Unconditional love: why I didn’t bury my son under the patio

Paul2Oh, I considered it, of course. More than once.

Who couldn’t love my adorable son, Paul, playing with his puppet in a sunlit garden? That was the easy part.

Sadly, unconditional love doesn’t work that way.

I loved him before he was born.

And I loved him as a snuggly baby, as a cute toddler, as a happy and curious child, as an intelligent and fun-loving young teenager… and it was still a piece of cake.

And I still loved my son when he became a cruel and bitter monster from the depths of hell.

Going through a phase,‘ I think they call it. ‘Having issues.’

No, no, no, that really doesn’t cover it.

Paul bullied his younger brother without mercy whenever I wasn’t there to protect him. He swore, lied, stole, shot holes in my window-blinds with an airgun, dismantled the computer I needed for my university degree every time I turned my back and left my treasured family bookcases in a sea of broken glass.

Our house was a war-zone – the rows were beyond imagining.

I couldn’t kick him out, as he was still under age.

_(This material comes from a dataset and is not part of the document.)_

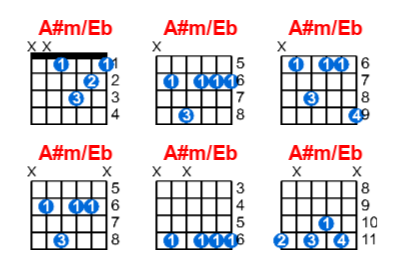 A#m/Eb guitar chord charts/diagrams with finger positions and variations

And I wouldn’t have done, anyway – I didn’t see why someone else should put up with Paul if his own mother couldn’t.

It reached the point where I dreaded coming home for fear of what I might find – on one occasion I returned just in time to stop Paul from lighting a home-made Molotov cocktail in our tiny garden!

Loving someone unconditionally can be a terrible burden. For both of you.

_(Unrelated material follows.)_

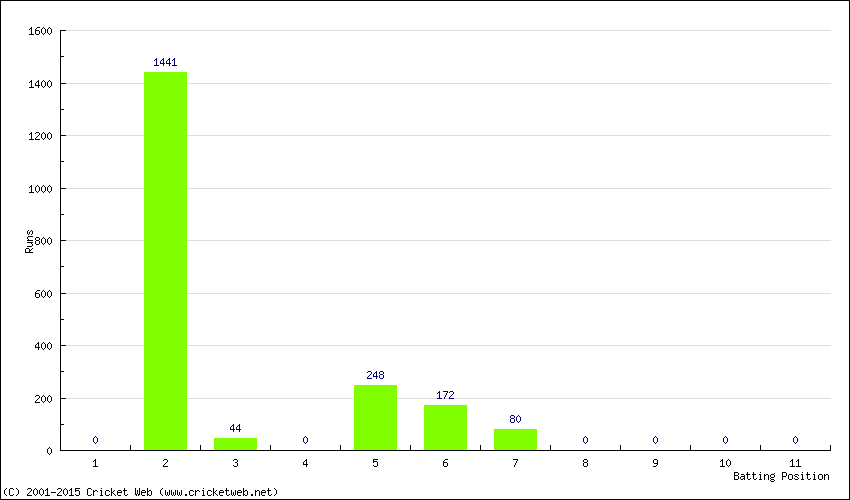 Runs by Batting Position
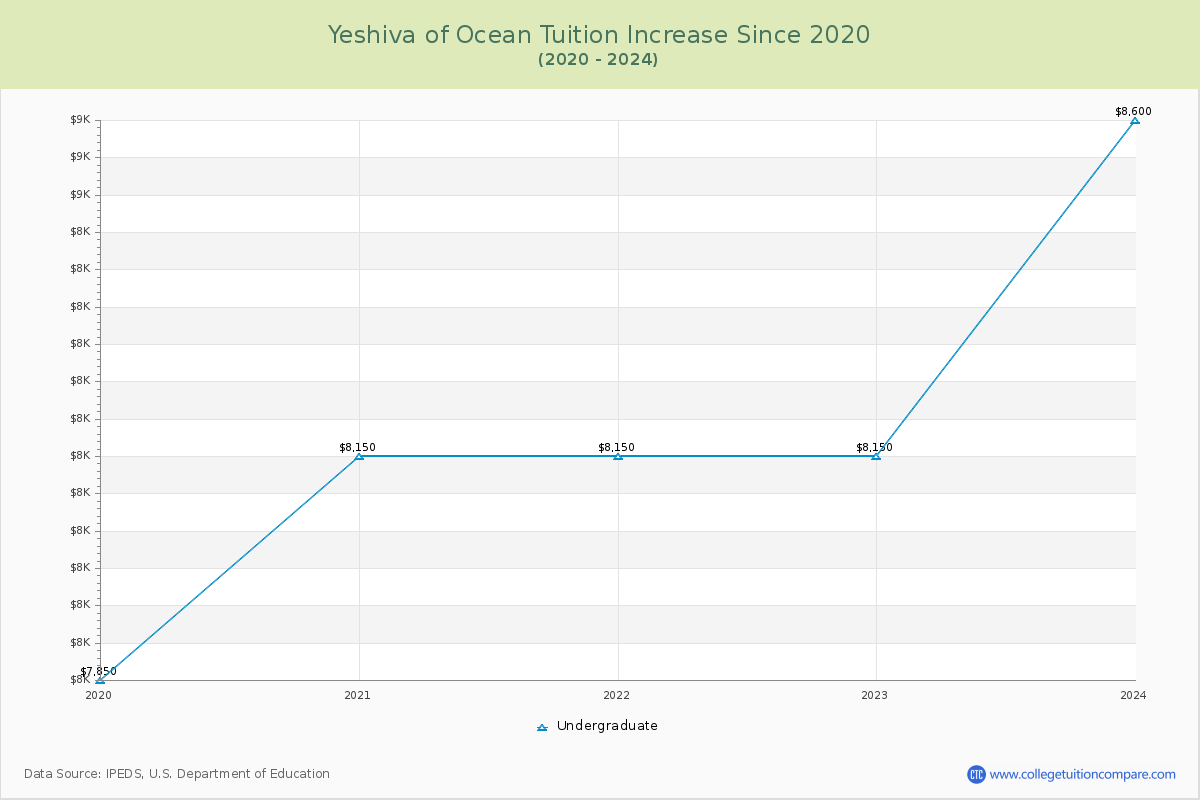 Yeshiva of Ocean Tuition & Fees Changes Chart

For you, because you can’t walk away. And for them, because they’re vulnerable. They’re so terrified that they can’t live up to your expectations that they sabotage the relationship on purpose. And then they feel so angry and ashamed that they do something worse, just to test whether you still love them.

The impetus for change or self-improvement has to come from inside ourselves – we can make suggestions, but we can’t force it on someone else. All we can do is be supportive. Sometimes, all you can do to help someone is to reassure them that there’s nothing they can do to lose your love. Then keep your head down.

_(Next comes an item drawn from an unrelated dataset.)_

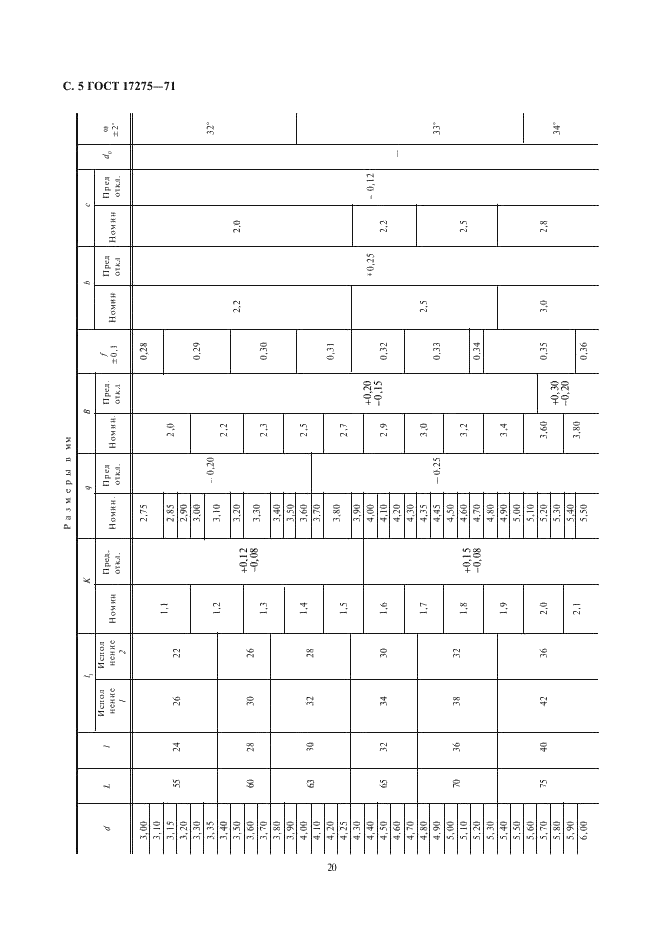 ГОСТ 17275-71 Сверла спиральные цельные твердосплавные. Средняя серия. Конструкция и размеры (фото 5 из 7)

I was never seriously tempted to poison my son’s food and hide his body under the patio, because I knew that the real Paul was still in there somewhere, under all that pain. The funny, imaginative, lovable Paul that was worth waiting for.

Luckily, this story has a happy ending, because unconditional love won.

So Paul didn’t end up as a sadistic serial killer or a homeless drug addict, as I sometimes feared. He found the courage to overcome his teenage angst, face his problems and sort out his life. And he learned to express his emotions in a less destructive way before I ran out of furniture.

He’s now in a steady job, happily married to the best daughter-in-law I could ever hope for, with two delightful, well-behaved young children. (Hah! You wait, Paul!)

So it was worth it.

If your family is being ripped apart by someone you love, the best advice I can give you is: stop digging that hole under the patio, hang in there if you possibly can, remind yourself of their good qualities and keep telling them you will always love them. And one day, you’ll all find a better life.

The other day, I came across a poem I wrote twenty years ago for my teenage son. It reminded me of a quote from L.P. Hartley: ‘The past is a foreign country; they do things differently there.’ I’m glad I don’t have a passport – because I never want to go back.

BATTLE

The fragile truce is shattered once again

Our home of peace becomes a scene of war

You surge with feelings that you don’t restrain

Such angst, such fear, such enmity, such pain

So great the battles for so little gain

No certainty of what you’re fighting for

 

Those days when all you do is lie in bed

Your hopes and memories combined to keep

You writhing in a sea of red

With evil pleasure seething in your head

Consumed with hatred, loathing, loss and dread

A warrior trapped within a tortured sleep

 

Those times when basic sanity is lost

The reign of terror rages for an hour

You fight for freedom at whatever cost

Destroy the bridges that you could have crossed

Escape the echoes of your last riposte

And leave behind the victims of your power

 

At last the latest armistice is signed

And then, the conflict over, you can rest

Survey the devastation left behind

The hardest thing to conquer’s yet to find

When what you really need is peace of mind

Return to seek the one who loves you best

 

We learn to hide our feelings as we grow

But under all the misery and grief

The bitterness and cruelty you show

Are in my psyche too; they never go

You are more like me than you’ll ever know

I suffer just the same, but underneath

 

So fight the dark emotions of your teens

Destroy your desperation and despair

Escape your world of pain and silent screams

A strong survivor of these anguished scenes

Control the future and achieve your dreams

And find, despite your fears, I’ll still be there

 

© Emily Lock

One Reply to “Unconditional love: why I didn’t bury my son under the patio”

  1. That was a really nice read. 🙂 I adore you and your unconditional love for your son. More power to you and your family!